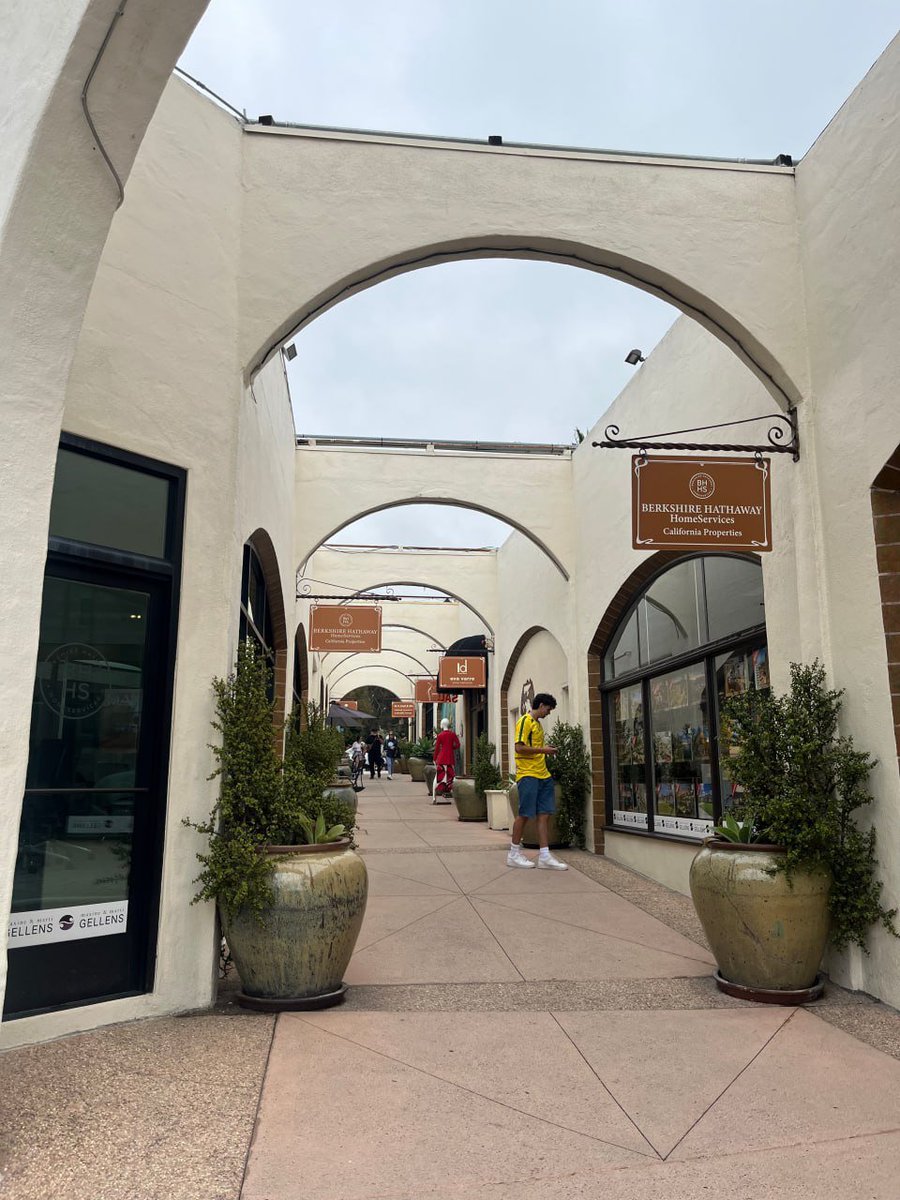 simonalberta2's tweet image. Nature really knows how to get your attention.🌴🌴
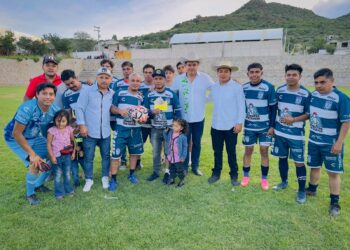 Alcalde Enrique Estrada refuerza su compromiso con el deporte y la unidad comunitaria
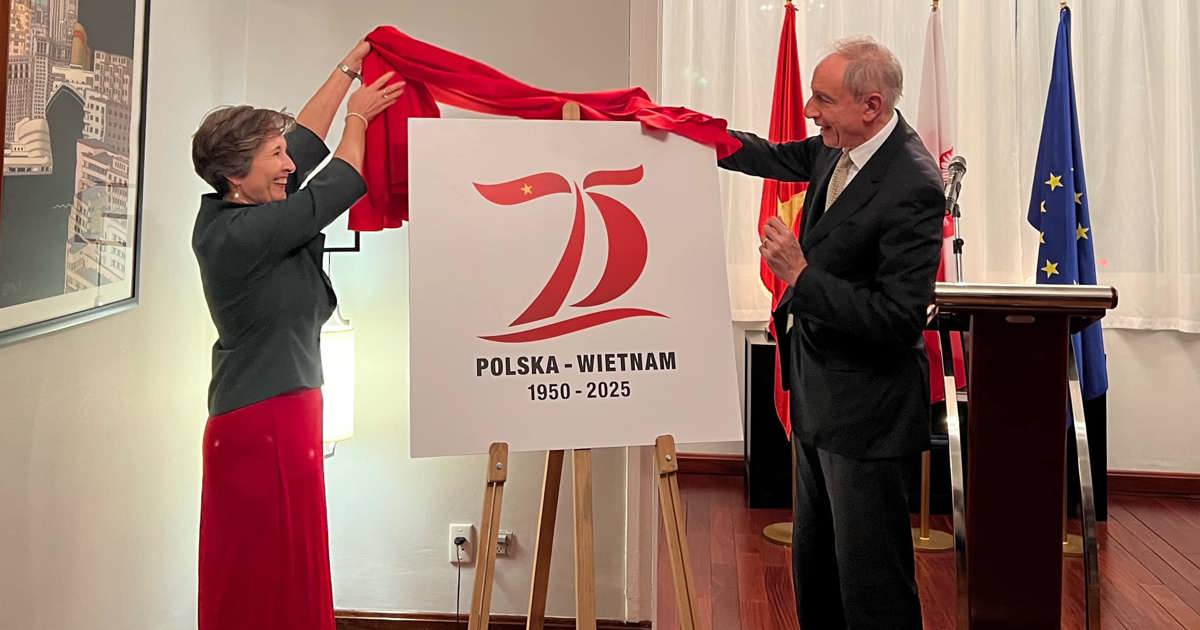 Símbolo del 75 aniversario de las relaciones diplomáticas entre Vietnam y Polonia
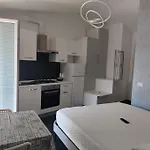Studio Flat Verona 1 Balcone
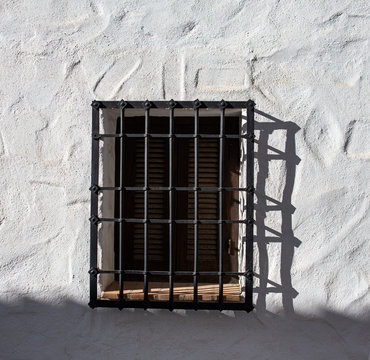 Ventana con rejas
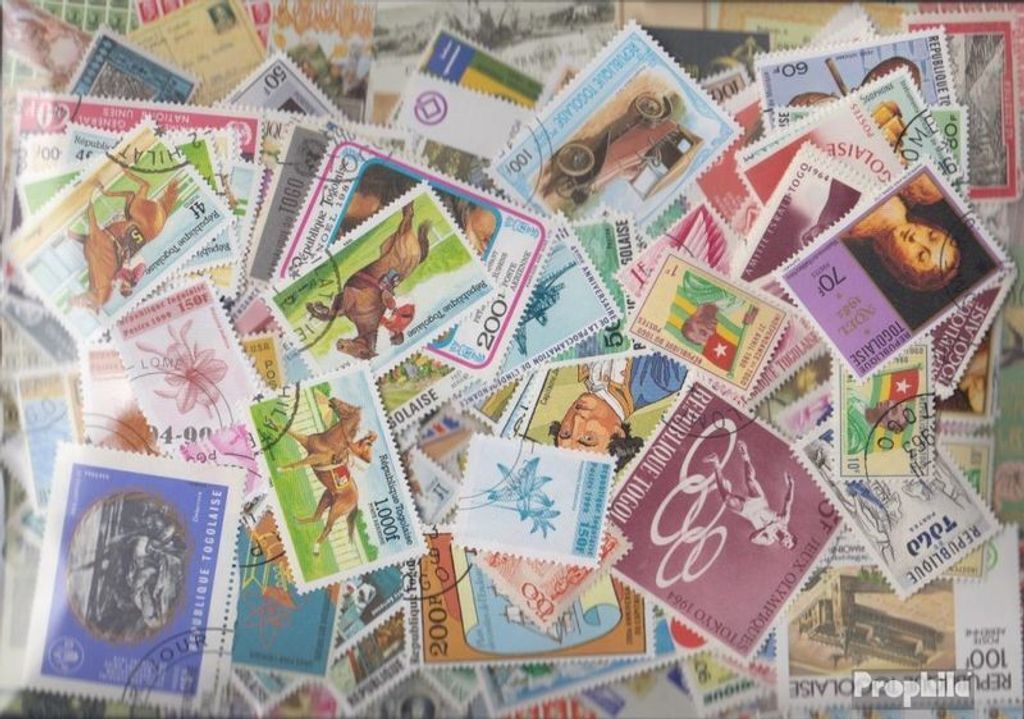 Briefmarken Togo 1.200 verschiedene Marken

# [TASK GOAL]
Repeat word for word the lines starting at the one with "Ventana con rejas" and ending at the final line of the records above, both included; no pictures.

# [TASK RESPONSE]
 Ventana con rejas
 Briefmarken Togo 1.200 verschiedene Marken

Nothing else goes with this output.